Since the design frequency is 20 kHz, the frequency range selected in the analysis is 18-22 kHz. According to the result, the transducer in 1 modal is in the longitudinal vibration state, every particle’s displacement is in the axial direction and for 2 and 3 modals are in a bent state. At this point, there resonance frequency of transducer is 19250 Hz. Compared with the design data, the error is just about 3.75 % which proves the design is correct. In the first mode, the front-end face of the transducer is the maximum displacement surface, and the displacement of the section is zero.

3.3. Harmonic response analysis

Harmonic response analysis is mainly used to analyze whether the ultrasonic vibration system tool resonates at the natural frequency of the system, and in the resonance conditions, the maximum amplitude of the tool can meet the actual processing needs. Thus, judging the entire ultrasound vibration system design is reasonable or not [9]. Based on the electric-structure coupling model, harmonic response simulation is used in the ultrasonic transducer, the modal superposition method is used for the harmonic response analysis [10]. Harmonic response analysis for the transducer should be taken to calculate the amplification coefficient. Apply 300 V alternating voltage on the face of PZT and the harmonic response curves as shown in Fig. 9, Fig. 10. Fig. 9 shows the center point displacement of the transducer’s front-end face and Fig. 10 shows the center point displacement of the transducer’s back face.

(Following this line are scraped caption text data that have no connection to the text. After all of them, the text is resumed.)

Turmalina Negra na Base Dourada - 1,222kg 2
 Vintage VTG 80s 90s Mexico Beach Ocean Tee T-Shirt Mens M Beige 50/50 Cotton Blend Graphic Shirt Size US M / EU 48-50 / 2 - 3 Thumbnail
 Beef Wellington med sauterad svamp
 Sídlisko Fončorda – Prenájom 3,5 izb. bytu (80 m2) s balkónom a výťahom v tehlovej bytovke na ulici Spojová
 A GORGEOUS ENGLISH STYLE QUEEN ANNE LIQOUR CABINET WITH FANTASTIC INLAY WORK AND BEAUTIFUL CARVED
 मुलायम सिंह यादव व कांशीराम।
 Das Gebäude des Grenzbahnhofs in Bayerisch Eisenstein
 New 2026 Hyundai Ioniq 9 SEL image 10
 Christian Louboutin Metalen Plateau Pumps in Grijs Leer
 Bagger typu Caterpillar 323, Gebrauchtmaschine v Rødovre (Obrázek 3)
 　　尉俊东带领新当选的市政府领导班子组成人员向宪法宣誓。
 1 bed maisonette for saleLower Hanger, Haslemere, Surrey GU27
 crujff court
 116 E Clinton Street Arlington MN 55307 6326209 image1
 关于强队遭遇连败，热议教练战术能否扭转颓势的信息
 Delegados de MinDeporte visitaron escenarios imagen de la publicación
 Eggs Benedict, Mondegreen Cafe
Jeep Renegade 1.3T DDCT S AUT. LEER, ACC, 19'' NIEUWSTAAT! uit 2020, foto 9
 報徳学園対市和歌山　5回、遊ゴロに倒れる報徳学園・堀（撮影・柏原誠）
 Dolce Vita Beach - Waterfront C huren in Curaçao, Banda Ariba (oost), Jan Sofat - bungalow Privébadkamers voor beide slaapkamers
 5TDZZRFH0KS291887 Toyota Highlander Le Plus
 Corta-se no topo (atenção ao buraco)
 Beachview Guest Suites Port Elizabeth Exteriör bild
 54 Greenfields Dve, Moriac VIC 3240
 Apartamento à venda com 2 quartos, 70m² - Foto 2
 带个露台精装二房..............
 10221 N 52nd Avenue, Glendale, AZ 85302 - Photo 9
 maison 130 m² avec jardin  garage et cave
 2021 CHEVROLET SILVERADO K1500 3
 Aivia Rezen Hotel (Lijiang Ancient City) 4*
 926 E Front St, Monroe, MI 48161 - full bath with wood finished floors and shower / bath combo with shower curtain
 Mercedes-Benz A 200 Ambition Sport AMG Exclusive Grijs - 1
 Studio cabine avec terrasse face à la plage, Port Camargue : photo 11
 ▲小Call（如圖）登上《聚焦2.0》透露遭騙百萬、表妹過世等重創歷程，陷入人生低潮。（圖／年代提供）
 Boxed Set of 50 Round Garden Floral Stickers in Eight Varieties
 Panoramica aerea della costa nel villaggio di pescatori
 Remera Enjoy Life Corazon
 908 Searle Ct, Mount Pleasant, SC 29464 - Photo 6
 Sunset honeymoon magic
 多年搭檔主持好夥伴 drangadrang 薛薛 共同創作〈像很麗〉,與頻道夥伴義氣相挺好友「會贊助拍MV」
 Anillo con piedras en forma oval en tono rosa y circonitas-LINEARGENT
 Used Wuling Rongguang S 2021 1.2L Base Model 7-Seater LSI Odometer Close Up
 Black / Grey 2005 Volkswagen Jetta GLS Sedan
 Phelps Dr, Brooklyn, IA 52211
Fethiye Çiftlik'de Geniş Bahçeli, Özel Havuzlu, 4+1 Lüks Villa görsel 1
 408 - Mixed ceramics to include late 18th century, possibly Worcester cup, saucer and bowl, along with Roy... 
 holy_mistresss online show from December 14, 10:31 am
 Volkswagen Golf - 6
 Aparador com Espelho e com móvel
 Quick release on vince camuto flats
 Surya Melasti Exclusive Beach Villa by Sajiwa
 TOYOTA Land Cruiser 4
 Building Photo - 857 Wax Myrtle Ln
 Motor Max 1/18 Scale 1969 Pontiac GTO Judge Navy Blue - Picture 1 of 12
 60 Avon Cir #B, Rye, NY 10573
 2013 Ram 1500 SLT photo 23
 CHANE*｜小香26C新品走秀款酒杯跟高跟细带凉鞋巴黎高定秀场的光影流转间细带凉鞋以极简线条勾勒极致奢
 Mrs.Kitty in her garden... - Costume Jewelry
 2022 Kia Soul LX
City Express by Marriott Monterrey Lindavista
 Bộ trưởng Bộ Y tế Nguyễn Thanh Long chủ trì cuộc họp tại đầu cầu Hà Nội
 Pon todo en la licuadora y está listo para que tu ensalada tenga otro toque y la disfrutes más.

Fig. 9Amplitude frequency response curve of transducer front end-face

Fig. 10Amplitude frequency response curve of transducer back end-face

When the frequency is 19250 Hz, the harmonic response amplitude of the front and back end of the transducer reaches the maximum value. From the curves, the longitudinal amplitude of front face is 18 μm and the amplitude of back face is 6.4 μm under the excitation of 19250 Hz. The amplitude of front face is 2.8 times of back face.